╭─ Entries shown

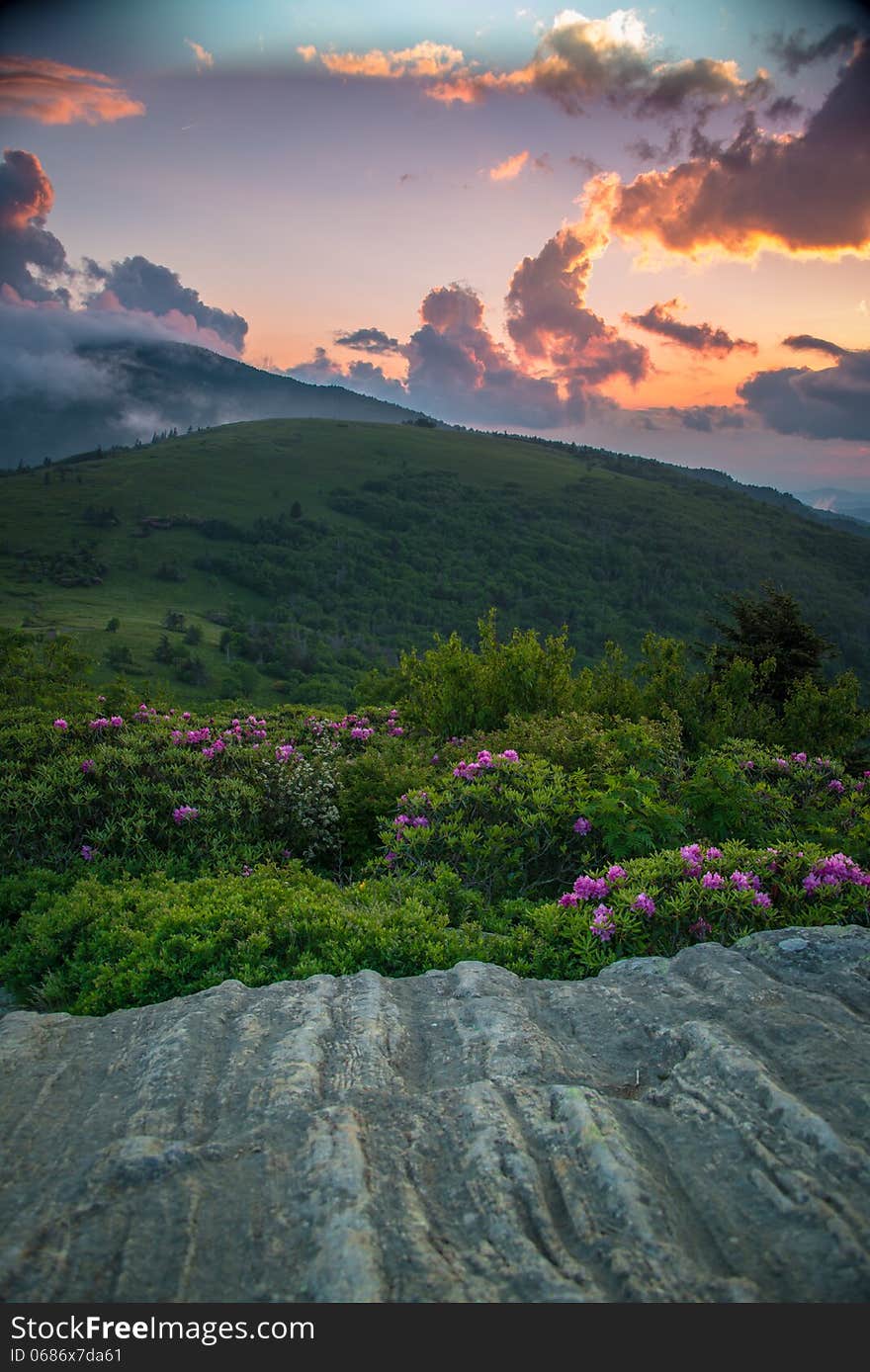 The rhododendron bloom in June on Roan Mountain . The rhododendron bloom in June on Roan Mountain .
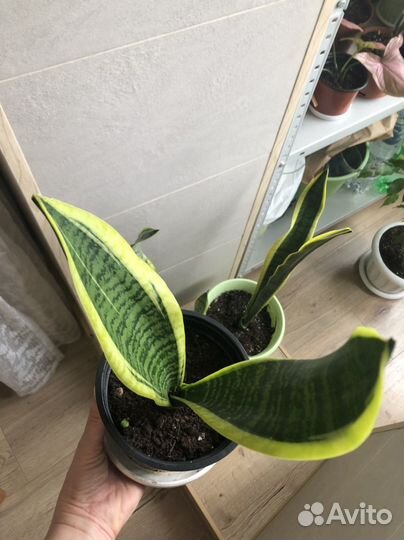 Сансевиерия Лауренти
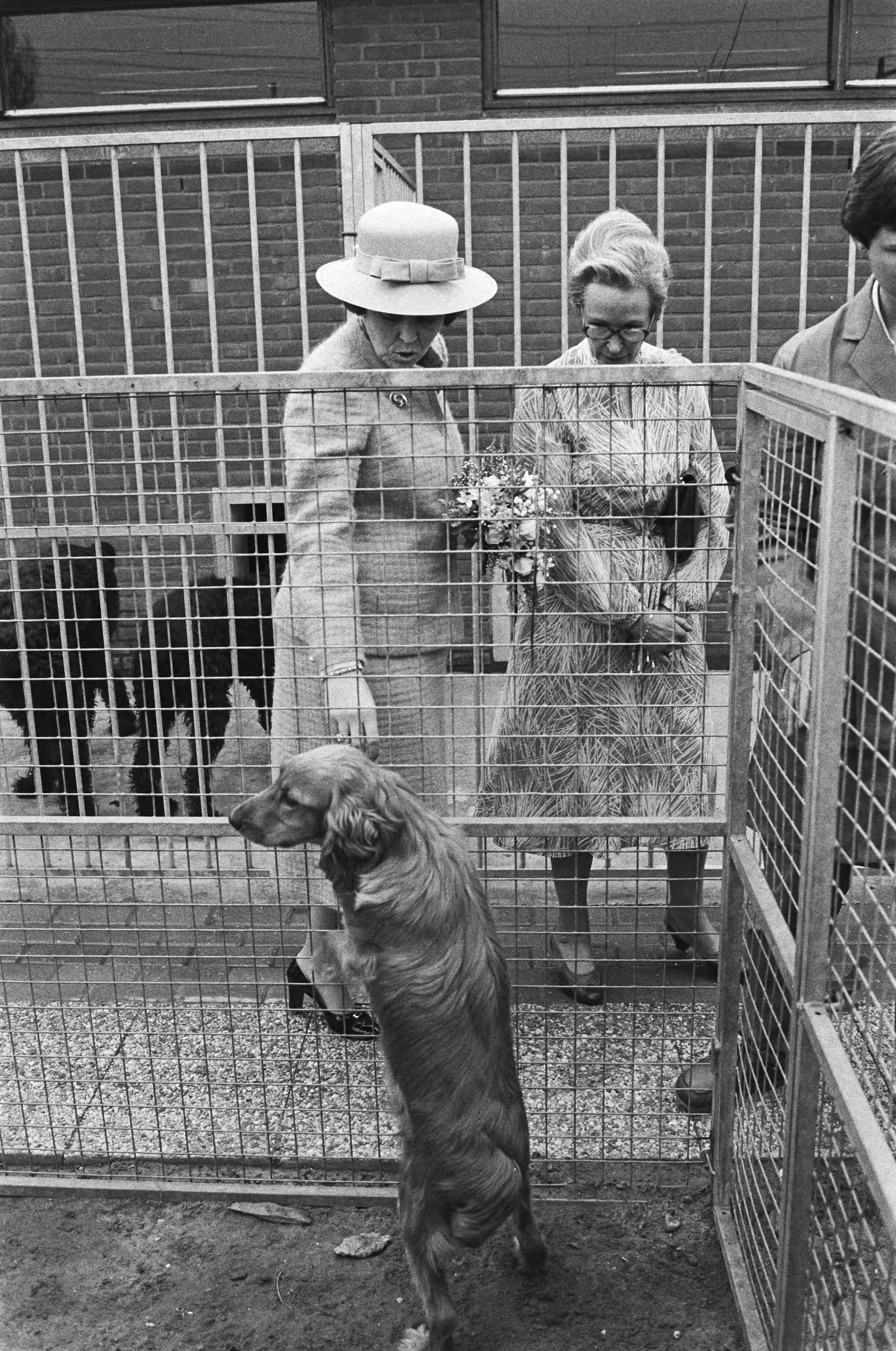 Fotocollectie Anefo — Beatrix opent het Haagse Dierencentrum in Den Haag . Beatrix tijdens de rondgang door de kennels, (r.) A. C.W. Vervoorn Malinosky Blom — Foto: Antonisse, Marcel / Anefo. Licentie: Set B: Rechtenvrij / Publiek Domein. Bron: Nationaal Archief. http://hdl.handle.net/10648/ad1367d4-d0b4-102d-bcf8-003048976d84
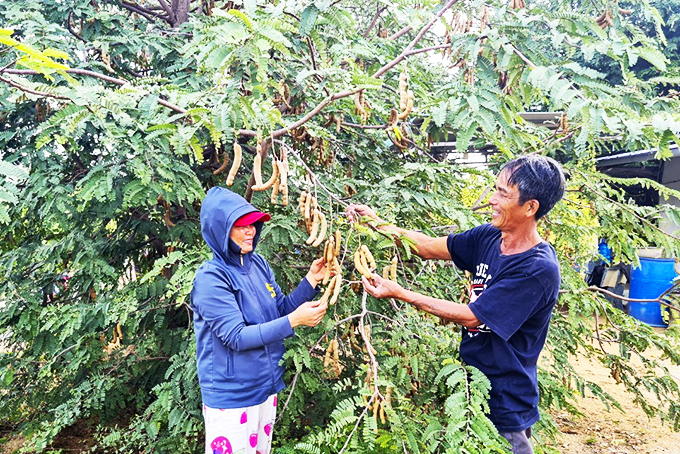 Tỷ phú "chân đất"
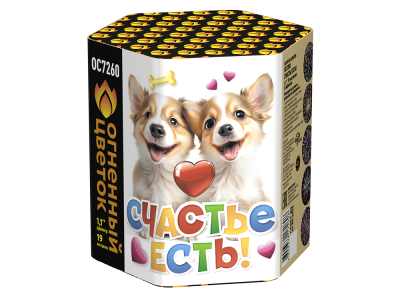 Счастье есть! Салют купить в Калуге | kaluga.salutsklad.ru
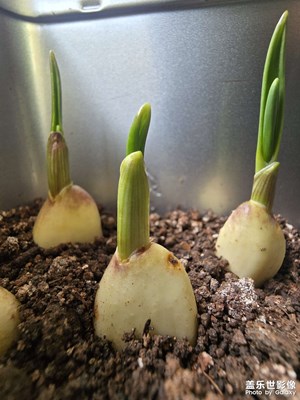 【秋尾拾光】成長(zhǎng)于秋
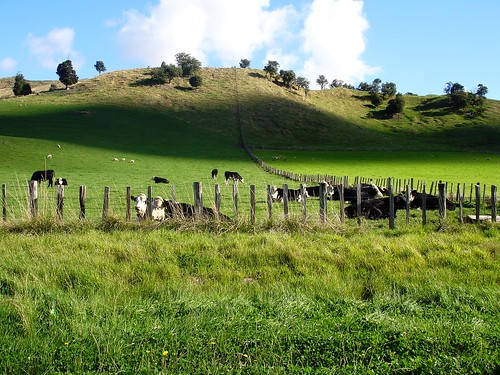 Rolling hillsides, Cows and Sheep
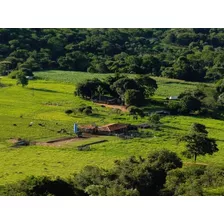 Fazenda Alto Padrao 150ha (30 Alqueires) - Brazlandia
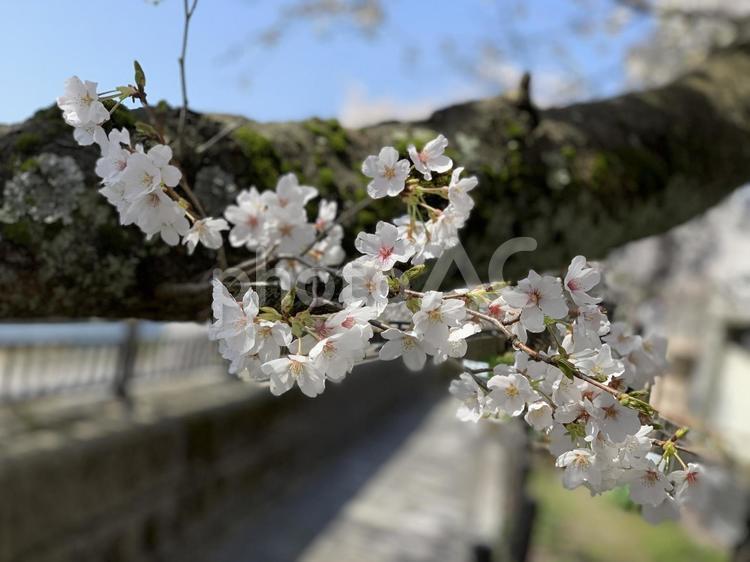 青空と桜の花 桜,サクラ,さくらの写真素材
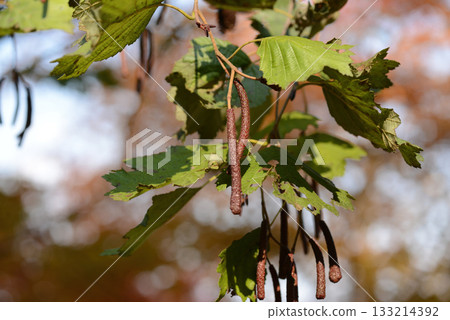 Alnus hirsuta, also known as Alnus sibirica, is a deciduous alder tree with gray hairy leaf undersides and shallowly lobed margins, growing along cool Korean mountain valleys. Photographed in Korea. 133214392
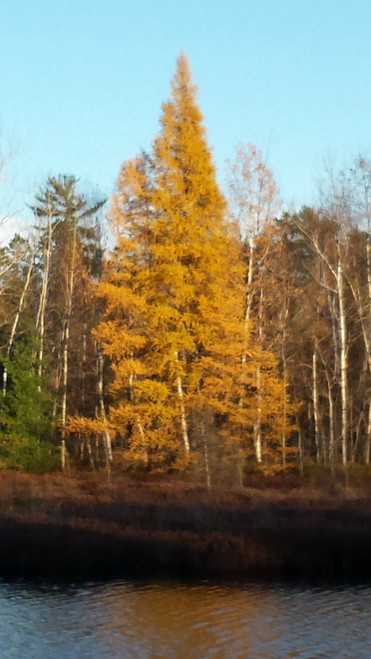 Tamarack A+2, 25 Trees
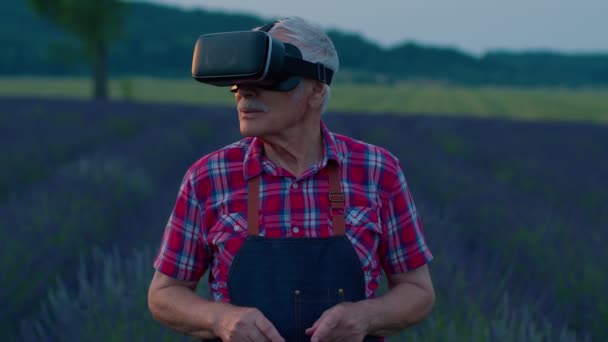 Avô moderno progressivo homem agricultor em flores de lavanda de campo usa tecnologia de realidade virtual — Vídeo de Stock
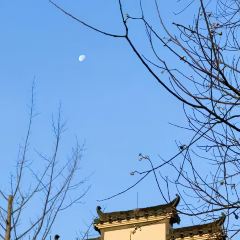 BAI YUN User Photo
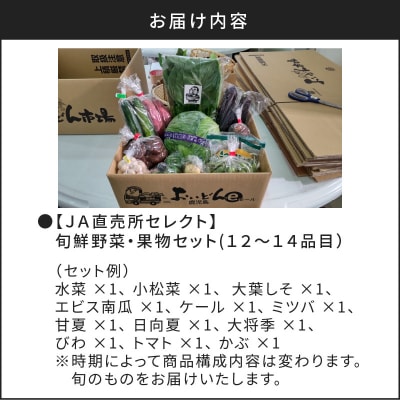 【JA直売所セレクト】旬鮮野菜・果物セット(12～14品目)　K072-001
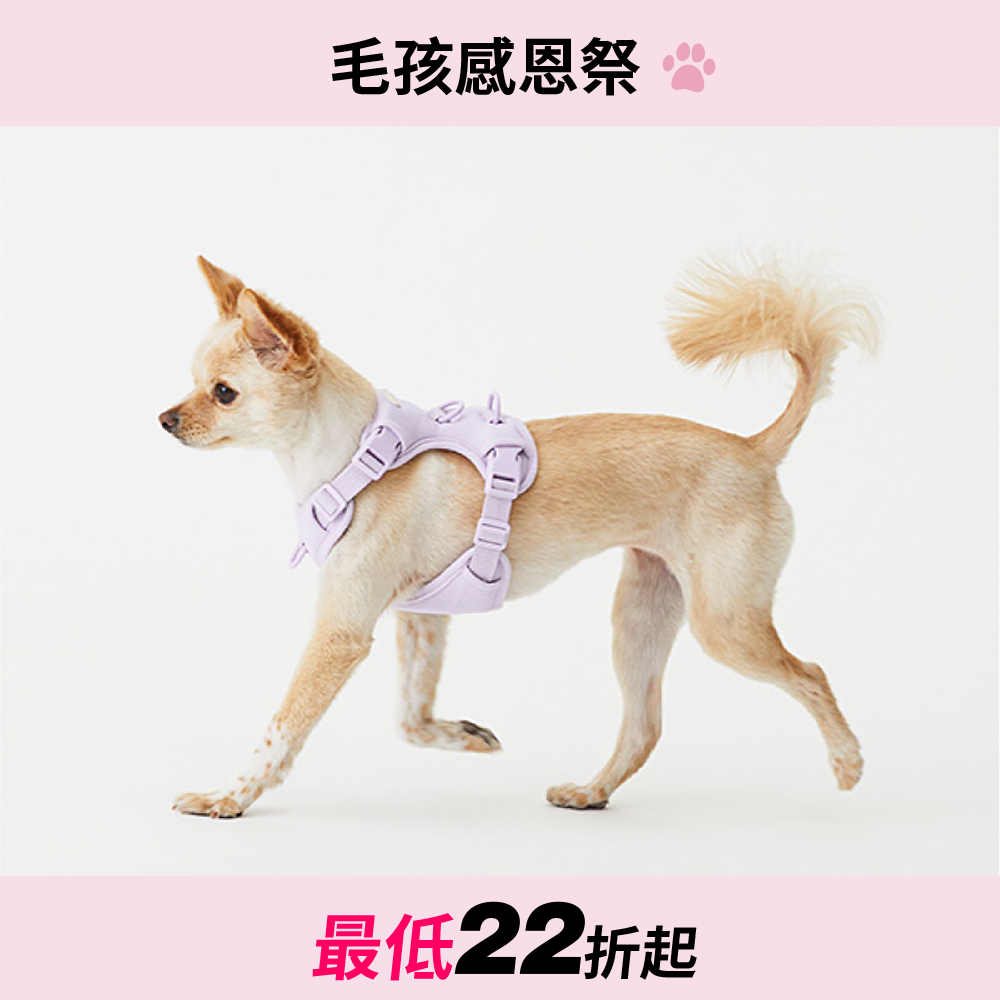 馬卡龍胸背帶/牽繩 Humming myfit harness/leash V2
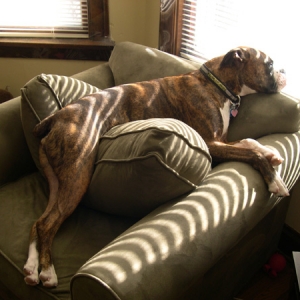 Lulu sleeping on her chair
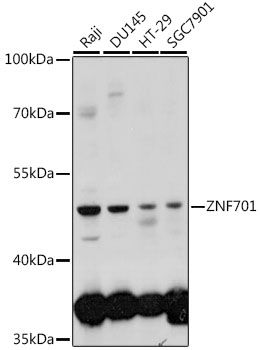 Western blot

╰─

▸ The problem
Return each entry exactly as it appears above, but exclude the pictures.

▸ Result below
 The rhododendron bloom in June on Roan Mountain . The rhododendron bloom in June on Roan Mountain .
 Сансевиерия Лауренти
 Fotocollectie Anefo — Beatrix opent het Haagse Dierencentrum in Den Haag . Beatrix tijdens de rondgang door de kennels, (r.) A. C.W. Vervoorn Malinosky Blom — Foto: Antonisse, Marcel / Anefo. Licentie: Set B: Rechtenvrij / Publiek Domein. Bron: Nationaal Archief. http://hdl.handle.net/10648/ad1367d4-d0b4-102d-bcf8-003048976d84
 Tỷ phú "chân đất"
 Счастье есть! Салют купить в Калуге | kaluga.salutsklad.ru
 【秋尾拾光】成長(zhǎng)于秋
 Rolling hillsides, Cows and Sheep
 Fazenda Alto Padrao 150ha (30 Alqueires) - Brazlandia
 青空と桜の花 桜,サクラ,さくらの写真素材
 Alnus hirsuta, also known as Alnus sibirica, is a deciduous alder tree with gray hairy leaf undersides and shallowly lobed margins, growing along cool Korean mountain valleys. Photographed in Korea. 133214392
 Tamarack A+2, 25 Trees
 Avô moderno progressivo homem agricultor em flores de lavanda de campo usa tecnologia de realidade virtual — Vídeo de Stock
 BAI YUN User Photo
 【JA直売所セレクト】旬鮮野菜・果物セット(12～14品目)　K072-001
 馬卡龍胸背帶/牽繩 Humming myfit harness/leash V2
 Lulu sleeping on her chair
 Western blot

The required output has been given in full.